Embattled property valuation firm LandMark White can’t seem to win a trick.
After finally resuming trading on the ASX after its epic suspension to clean up its affairs and get vital bank customers back on board, the company late on Thursday fessed-up yet again, calling-in the Australian Cyber Security Centre over more valuation documents being exfiltrated and posted online.
This time, according to LandMark White’s ASX announcement, the leaked PDFs “mostly comprise PDF valuation documents and other operationally related commercial documents” found their way onto sharing website SCRIBD and are now in the process of being removed.
However the company says the latest leak is not related to the previous data breach incident that forced it off the board.
Rather, the finger is being pointed at what LandMark White’s management claims is an attempt to sabotage the company with key executives lashing out.
After months of eating humble pie, LMW chairman Keith Perrett unloaded in the Sydney Morning Herald, saying that “Someone is trying to destroy the company."
“This not a serious data breach,” the Sydney Morning Herald reported Perrett as saying, adding that “it's sabotage and I hope the financial institutions will support a good Australian company that has worked incredibly hard to ensure our security systems are as good as any in the world."
The latest imbroglio is also a major headache for the Commonwealth Bank which rode to the rescue of the firm, lending a helping hand to significantly harden its cyber posture and them resuming business with it.
The CBA’s next move could well be the ultimate survival test for the company as the institution sweats the decision on whether to risk brand contamination or curtail the damage and cut the company adrift.
LMW is also arguing that despite its latest confessional, the “secondary incident” doesn’t actually cross the breach disclosure threshold – it’s just doing the right thing to be honest.

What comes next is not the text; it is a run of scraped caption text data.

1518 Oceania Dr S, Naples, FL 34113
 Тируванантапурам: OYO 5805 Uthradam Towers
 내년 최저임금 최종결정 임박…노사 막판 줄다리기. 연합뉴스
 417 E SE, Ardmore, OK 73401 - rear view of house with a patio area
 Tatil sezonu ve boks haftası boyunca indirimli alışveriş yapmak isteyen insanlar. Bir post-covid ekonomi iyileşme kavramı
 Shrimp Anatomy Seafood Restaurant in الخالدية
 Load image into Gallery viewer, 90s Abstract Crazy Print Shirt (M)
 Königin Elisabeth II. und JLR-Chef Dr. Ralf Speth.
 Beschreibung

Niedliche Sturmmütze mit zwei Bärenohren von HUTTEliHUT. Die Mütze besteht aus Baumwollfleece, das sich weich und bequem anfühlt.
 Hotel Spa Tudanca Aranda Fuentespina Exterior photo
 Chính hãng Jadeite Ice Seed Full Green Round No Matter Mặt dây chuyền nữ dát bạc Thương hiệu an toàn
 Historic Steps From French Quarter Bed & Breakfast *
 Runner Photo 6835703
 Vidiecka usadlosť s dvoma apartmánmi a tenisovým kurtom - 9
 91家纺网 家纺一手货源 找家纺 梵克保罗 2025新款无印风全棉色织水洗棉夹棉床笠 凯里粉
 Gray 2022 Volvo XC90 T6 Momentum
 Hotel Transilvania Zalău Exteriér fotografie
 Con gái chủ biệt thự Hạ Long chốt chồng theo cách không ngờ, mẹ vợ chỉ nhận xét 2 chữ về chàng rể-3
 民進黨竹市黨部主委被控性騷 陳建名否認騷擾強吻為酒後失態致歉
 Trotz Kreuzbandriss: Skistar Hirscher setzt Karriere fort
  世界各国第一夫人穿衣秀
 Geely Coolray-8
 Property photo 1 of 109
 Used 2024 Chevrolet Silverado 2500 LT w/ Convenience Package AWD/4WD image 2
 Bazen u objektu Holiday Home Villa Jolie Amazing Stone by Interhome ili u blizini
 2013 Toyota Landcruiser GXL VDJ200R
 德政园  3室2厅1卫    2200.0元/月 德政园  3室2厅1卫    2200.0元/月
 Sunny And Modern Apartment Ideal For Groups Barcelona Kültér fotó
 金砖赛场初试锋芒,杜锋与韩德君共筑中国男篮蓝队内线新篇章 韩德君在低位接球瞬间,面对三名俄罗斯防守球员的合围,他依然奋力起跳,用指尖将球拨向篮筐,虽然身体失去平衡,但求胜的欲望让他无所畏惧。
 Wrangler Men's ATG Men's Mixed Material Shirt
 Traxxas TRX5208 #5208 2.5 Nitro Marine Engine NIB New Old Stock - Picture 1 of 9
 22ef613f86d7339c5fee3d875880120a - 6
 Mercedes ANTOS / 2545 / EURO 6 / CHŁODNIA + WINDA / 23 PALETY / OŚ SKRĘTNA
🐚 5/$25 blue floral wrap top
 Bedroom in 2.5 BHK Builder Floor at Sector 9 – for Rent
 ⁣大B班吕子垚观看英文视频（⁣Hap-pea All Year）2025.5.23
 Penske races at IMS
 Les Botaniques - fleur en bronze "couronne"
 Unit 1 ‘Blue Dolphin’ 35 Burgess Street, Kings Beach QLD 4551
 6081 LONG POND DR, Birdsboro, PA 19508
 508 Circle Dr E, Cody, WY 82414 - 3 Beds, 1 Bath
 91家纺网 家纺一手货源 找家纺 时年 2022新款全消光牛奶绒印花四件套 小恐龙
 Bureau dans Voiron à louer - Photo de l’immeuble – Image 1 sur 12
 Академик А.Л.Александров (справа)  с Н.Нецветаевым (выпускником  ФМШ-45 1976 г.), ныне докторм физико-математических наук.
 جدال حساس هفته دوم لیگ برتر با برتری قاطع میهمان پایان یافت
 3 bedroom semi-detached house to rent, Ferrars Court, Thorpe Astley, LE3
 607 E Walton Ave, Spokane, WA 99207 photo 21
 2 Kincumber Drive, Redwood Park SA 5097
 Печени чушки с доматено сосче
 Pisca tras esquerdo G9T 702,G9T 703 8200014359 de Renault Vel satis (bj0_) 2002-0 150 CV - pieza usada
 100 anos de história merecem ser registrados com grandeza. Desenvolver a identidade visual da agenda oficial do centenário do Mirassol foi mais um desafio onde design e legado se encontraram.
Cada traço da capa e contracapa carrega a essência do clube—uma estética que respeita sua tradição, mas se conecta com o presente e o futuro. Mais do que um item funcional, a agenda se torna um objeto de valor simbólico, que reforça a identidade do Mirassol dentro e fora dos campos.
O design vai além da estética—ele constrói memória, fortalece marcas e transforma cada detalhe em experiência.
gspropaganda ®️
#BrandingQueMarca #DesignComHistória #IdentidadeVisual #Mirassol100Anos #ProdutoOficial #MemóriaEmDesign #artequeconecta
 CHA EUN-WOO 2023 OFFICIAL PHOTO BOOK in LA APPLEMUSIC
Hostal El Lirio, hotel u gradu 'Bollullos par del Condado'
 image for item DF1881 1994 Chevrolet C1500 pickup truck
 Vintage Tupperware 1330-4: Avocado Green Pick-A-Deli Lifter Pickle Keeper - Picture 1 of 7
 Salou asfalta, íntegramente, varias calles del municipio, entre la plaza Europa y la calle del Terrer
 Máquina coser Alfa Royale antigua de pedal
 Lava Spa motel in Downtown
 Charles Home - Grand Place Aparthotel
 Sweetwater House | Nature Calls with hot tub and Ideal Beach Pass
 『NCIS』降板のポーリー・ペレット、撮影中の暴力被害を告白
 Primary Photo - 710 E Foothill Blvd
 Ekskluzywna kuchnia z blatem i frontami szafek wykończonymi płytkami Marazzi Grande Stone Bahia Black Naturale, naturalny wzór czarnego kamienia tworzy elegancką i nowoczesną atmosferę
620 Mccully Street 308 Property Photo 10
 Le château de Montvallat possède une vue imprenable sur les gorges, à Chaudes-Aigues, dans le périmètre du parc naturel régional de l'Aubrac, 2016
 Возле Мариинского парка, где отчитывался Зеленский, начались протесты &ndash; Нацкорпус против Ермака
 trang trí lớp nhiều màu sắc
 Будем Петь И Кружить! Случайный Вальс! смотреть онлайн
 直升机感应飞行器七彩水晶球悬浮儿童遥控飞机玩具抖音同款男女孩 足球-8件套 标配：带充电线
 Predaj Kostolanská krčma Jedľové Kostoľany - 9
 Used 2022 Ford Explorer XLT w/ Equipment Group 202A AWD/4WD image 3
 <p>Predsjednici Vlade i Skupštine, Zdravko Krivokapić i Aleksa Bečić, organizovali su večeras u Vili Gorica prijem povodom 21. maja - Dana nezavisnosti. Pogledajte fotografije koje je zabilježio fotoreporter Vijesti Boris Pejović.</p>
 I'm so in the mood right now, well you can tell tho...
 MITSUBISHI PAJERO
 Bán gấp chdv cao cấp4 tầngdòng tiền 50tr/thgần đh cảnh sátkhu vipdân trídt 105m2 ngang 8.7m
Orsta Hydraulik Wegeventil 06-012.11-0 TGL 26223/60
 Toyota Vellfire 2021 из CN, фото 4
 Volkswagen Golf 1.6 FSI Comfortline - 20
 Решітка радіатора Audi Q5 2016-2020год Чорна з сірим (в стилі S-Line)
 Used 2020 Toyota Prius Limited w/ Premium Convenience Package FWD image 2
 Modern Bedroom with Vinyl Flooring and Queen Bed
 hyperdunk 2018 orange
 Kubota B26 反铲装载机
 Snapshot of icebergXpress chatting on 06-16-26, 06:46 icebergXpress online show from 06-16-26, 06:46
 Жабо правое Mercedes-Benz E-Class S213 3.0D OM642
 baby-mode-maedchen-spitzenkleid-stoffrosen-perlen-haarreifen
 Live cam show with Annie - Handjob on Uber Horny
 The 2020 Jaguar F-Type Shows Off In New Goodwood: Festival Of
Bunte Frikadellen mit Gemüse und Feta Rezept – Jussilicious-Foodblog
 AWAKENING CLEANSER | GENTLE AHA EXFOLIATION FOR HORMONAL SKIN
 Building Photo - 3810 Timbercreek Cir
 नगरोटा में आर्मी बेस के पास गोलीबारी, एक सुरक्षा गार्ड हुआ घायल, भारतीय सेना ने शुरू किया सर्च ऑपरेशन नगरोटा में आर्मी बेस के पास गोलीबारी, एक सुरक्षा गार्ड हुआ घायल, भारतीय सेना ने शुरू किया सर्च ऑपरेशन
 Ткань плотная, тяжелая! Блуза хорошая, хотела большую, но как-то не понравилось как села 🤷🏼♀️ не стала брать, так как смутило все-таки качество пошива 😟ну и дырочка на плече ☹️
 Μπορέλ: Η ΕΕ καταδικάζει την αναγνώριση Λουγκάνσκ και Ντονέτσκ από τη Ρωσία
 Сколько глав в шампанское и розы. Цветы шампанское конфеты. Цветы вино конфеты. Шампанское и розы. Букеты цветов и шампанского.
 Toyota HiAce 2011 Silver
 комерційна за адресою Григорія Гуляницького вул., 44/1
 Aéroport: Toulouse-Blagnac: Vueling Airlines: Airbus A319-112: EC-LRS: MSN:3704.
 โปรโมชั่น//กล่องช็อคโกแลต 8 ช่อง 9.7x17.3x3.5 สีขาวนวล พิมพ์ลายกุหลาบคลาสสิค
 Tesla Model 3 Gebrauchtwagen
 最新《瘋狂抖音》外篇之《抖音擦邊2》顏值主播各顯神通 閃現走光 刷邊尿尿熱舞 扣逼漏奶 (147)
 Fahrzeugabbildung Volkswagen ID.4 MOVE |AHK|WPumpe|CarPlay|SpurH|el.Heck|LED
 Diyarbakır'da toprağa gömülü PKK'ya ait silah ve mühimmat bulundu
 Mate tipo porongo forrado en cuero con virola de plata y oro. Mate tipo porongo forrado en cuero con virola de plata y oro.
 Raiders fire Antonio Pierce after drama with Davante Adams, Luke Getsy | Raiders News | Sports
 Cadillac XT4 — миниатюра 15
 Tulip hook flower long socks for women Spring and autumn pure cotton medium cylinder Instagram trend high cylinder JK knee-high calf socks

“With the assistance of our legal advisors and based on our initial review of the documents posted, we do not believe that this constitutes a notifiable data breach for the purposes of the Privacy Act 1988 (Cth) and the Notifiable Data Breaches Scheme as there is limited private information contained in the documents.
“Notwithstanding this assessment we have updated the Office of the Australian Information Commissioner of the disclosure and undertaken to keep them updated.”
“These documents do not appear to have been taken from LMW through an IT related security breach but may be the deliberate work of an individual known to the LMW business.
“We are treating this very seriously and will work with law enforcement and government agencies as necessary, to confirm the circumstances of this activity.”
Landmark White’s shares were suspended in late February and only resumed trading in early May as a result of the previous incident. On resuming trading, its shares were hammered to a 52 week low as it put the cost of the post-breach systems clean-up at $7 million.
The company continued to trade on Friday.